» **Extracted data**
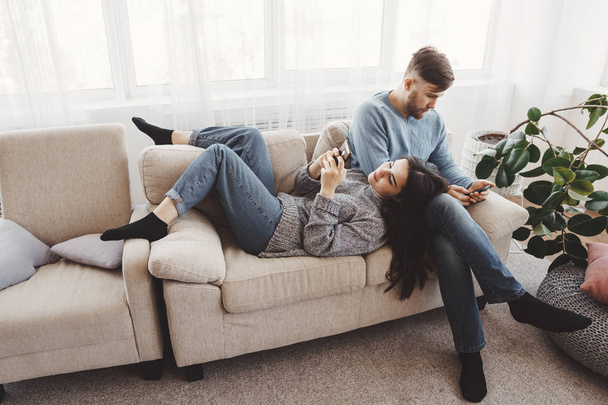 Couple in living room using smart phones - Photo, Image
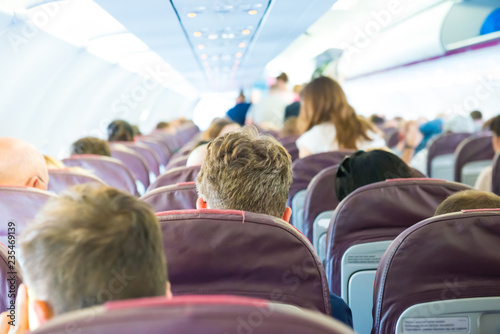 Passengers sit inside airplane - people traveling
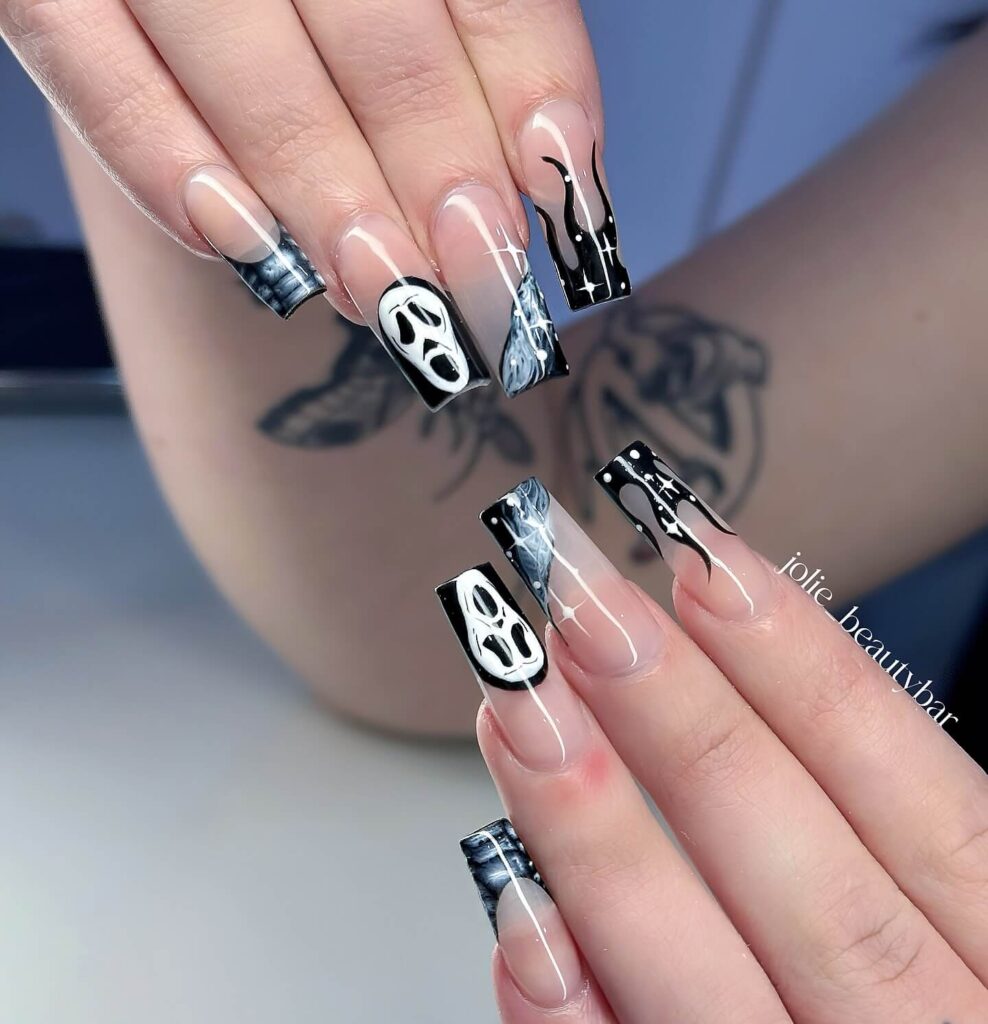 A set of Halloween acrylic nails with spooky nail designs, including black and red accents, ghosts, and candy corn-themed nails.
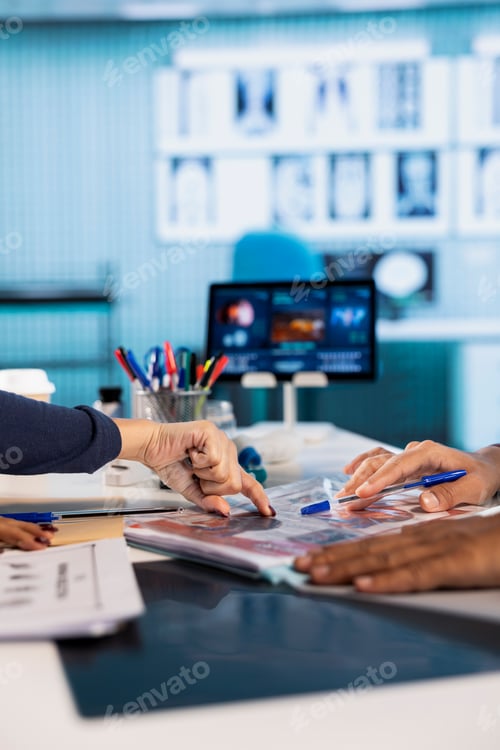 Preview: Physician meeting with a patient to discuss medical test results in a cabinet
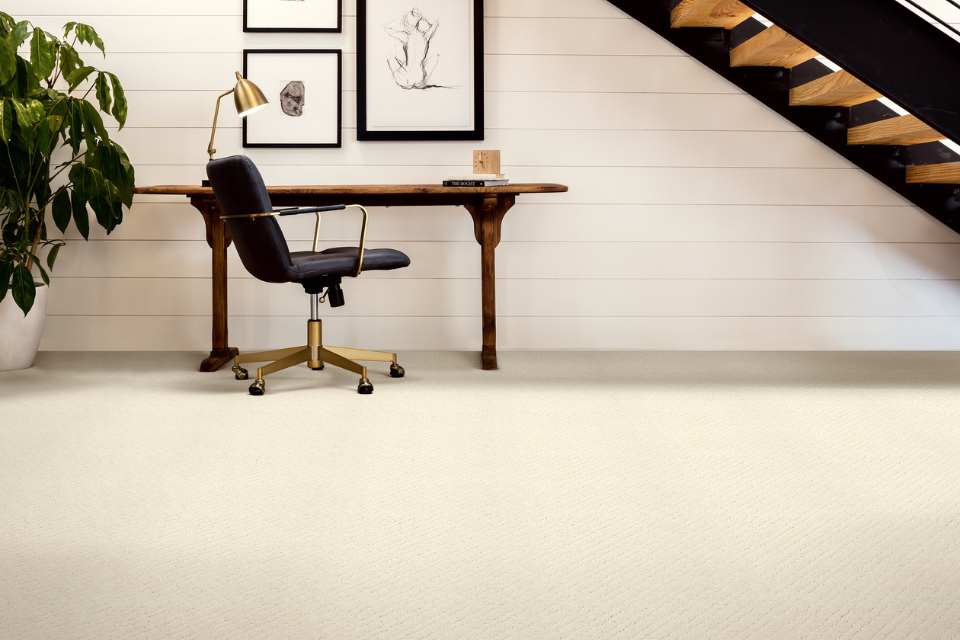 white patterned cut and loop pile carpet in office under the stairs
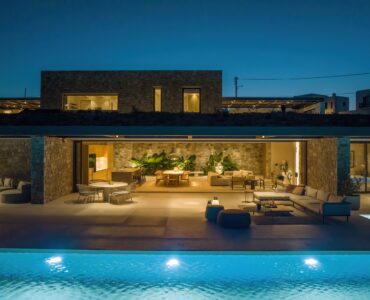 Villa and illuminated pool at night at Aether Private Retreat - Ground Floor, Aleomandra, Mykonos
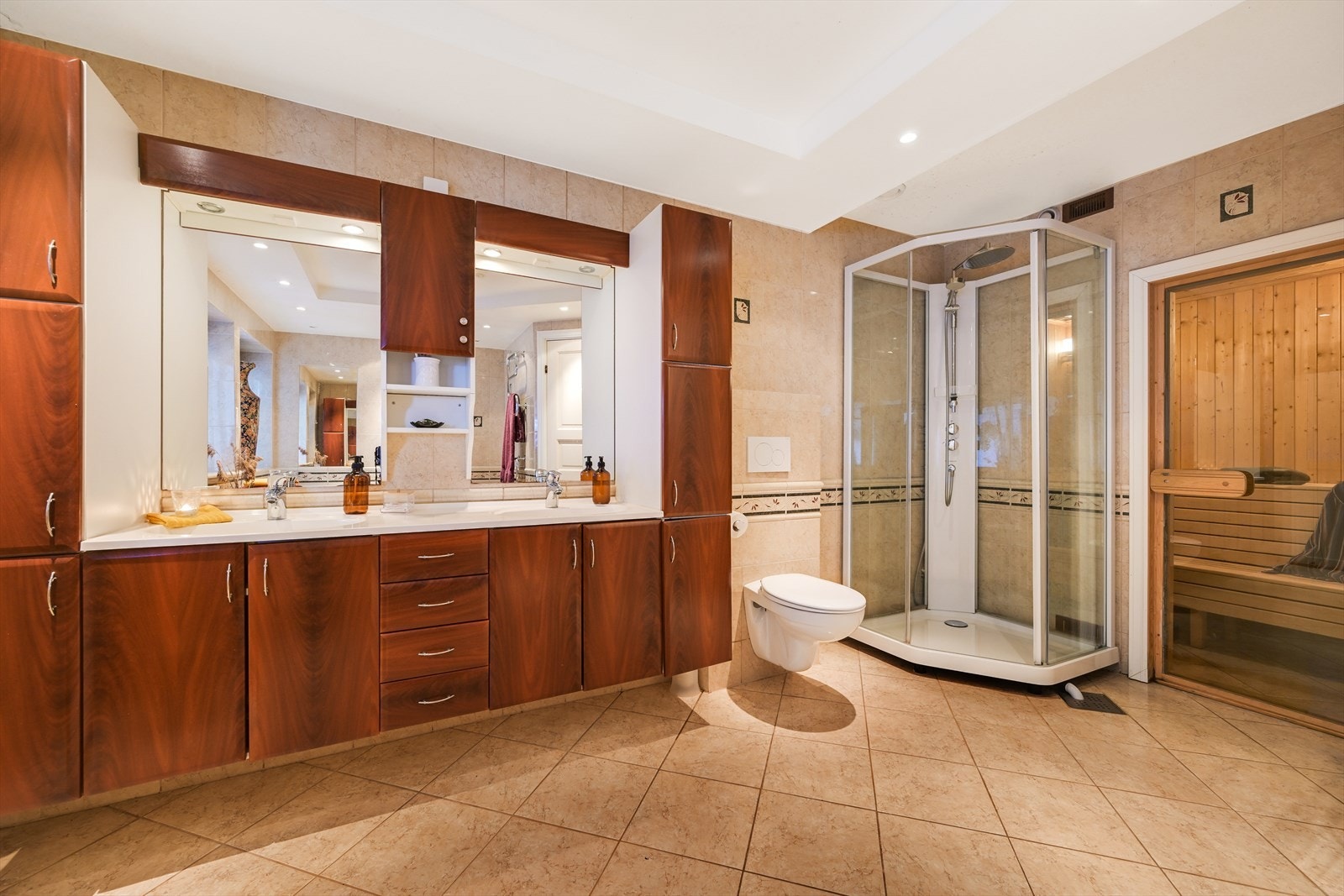 Innholdsrik baderomsinnredning med to helstøpte servanter, innebygget badekar, vegghengt toalett og dusjkabinett. Videre adkomst in i badstuen. Galleribilde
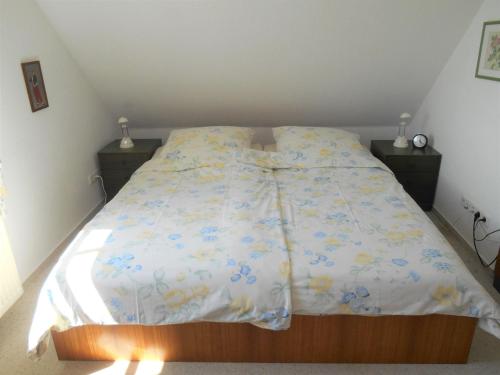 ラーボエにあるFerienwohnung-Moltrecht-1のベッド(白い掛け布団、青と黄色の花付)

» **Work instructions**
Write the full listing out again with every line unchanged, but include no pictures.

» **Response to the exercise**
 Couple in living room using smart phones - Photo, Image
 Passengers sit inside airplane - people traveling
 A set of Halloween acrylic nails with spooky nail designs, including black and red accents, ghosts, and candy corn-themed nails.
 Preview: Physician meeting with a patient to discuss medical test results in a cabinet
 white patterned cut and loop pile carpet in office under the stairs
 Villa and illuminated pool at night at Aether Private Retreat - Ground Floor, Aleomandra, Mykonos
 Innholdsrik baderomsinnredning med to helstøpte servanter, innebygget badekar, vegghengt toalett og dusjkabinett. Videre adkomst in i badstuen. Galleribilde
 ラーボエにあるFerienwohnung-Moltrecht-1のベッド(白い掛け布団、青と黄色の花付)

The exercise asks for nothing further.